**Directions for this task**
Drop the images. Copy every line below character for character.
=-=-=-=-=
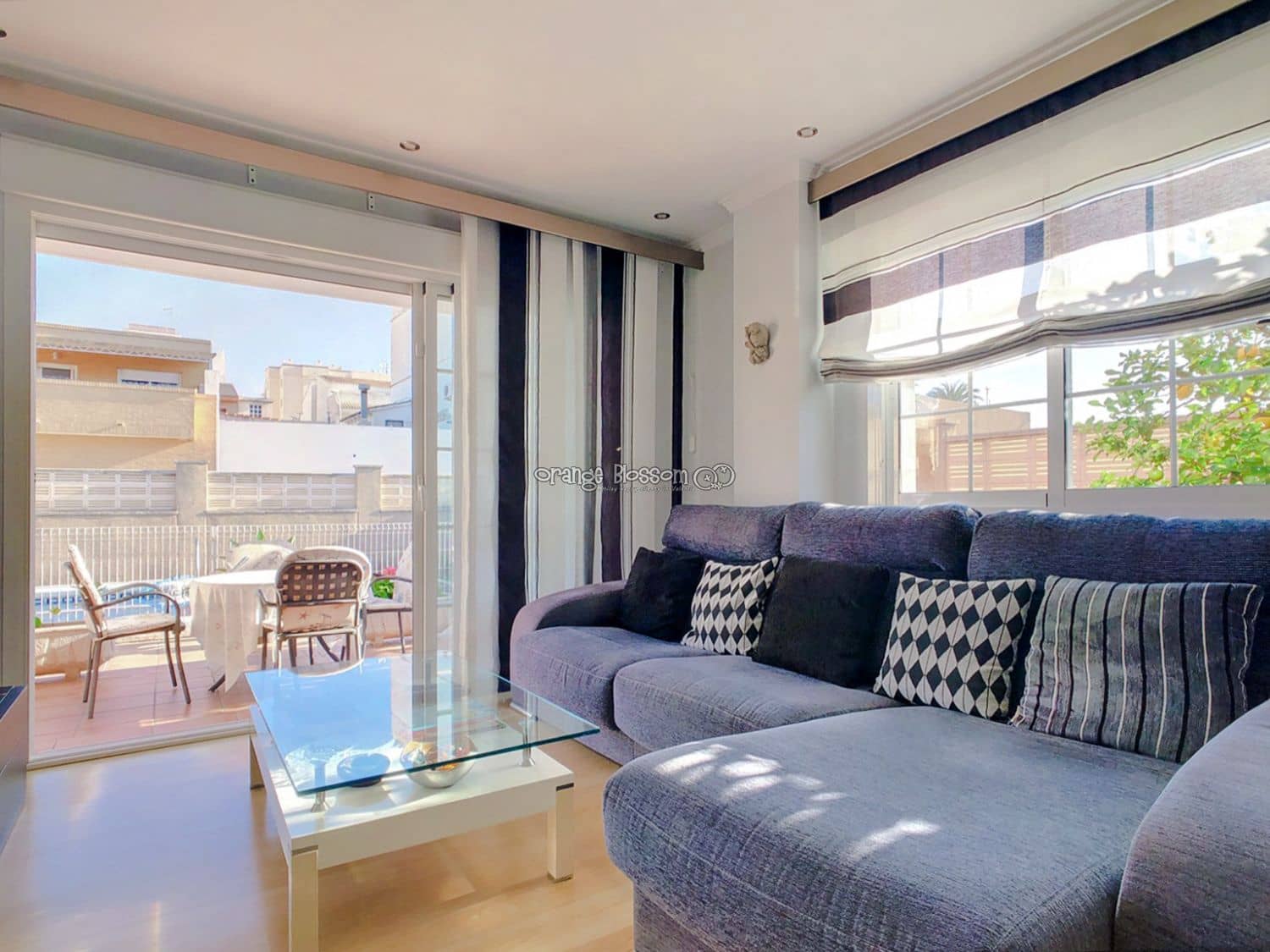 7 soverom Villa til salgs i Daimus med svømmebasseng - € 564 900 (Ref: 7921172)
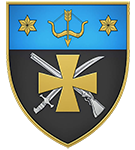 582 окремий батальйон охорони та забезпечення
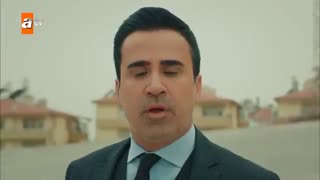 دانلود قسمت 62 عشق و ماوی  زیرنویس چسبیده فارسی سریال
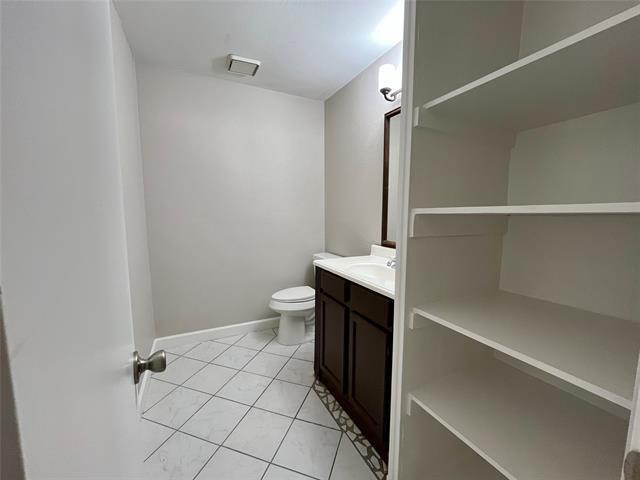 Foto del edificio - 4201 Whitman Ln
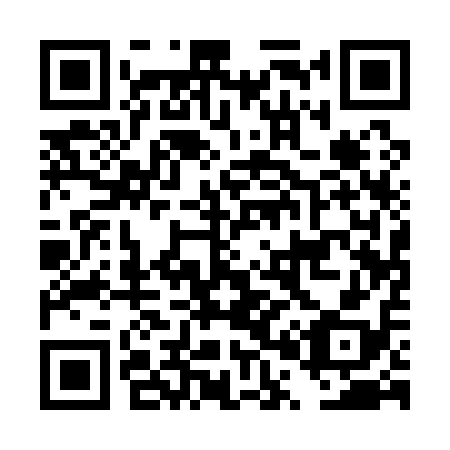 QR code for DP 1118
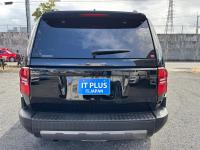 TOYOTA LAND CRUISER 250 2024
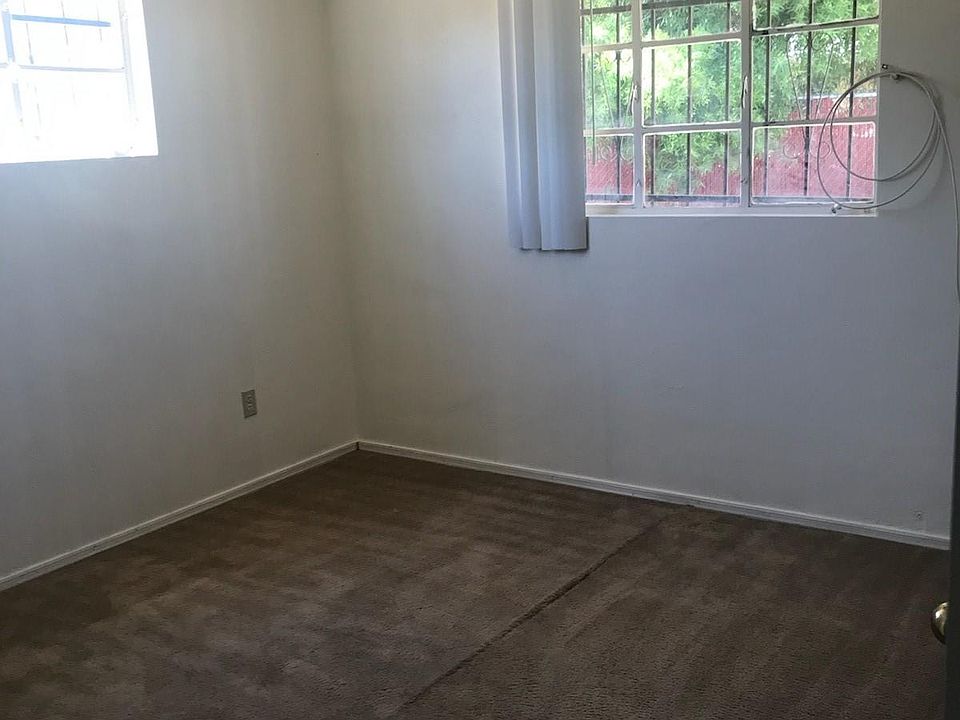2nd image of 2602 W Palo Verde Dr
=-=-=-=-=
**Task solution**
 7 soverom Villa til salgs i Daimus med svømmebasseng - € 564 900 (Ref: 7921172)
 582 окремий батальйон охорони та забезпечення
 دانلود قسمت 62 عشق و ماوی  زیرنویس چسبیده فارسی سریال
 Foto del edificio - 4201 Whitman Ln
 QR code for DP 1118
 TOYOTA LAND CRUISER 250 2024
2nd image of 2602 W Palo Verde Dr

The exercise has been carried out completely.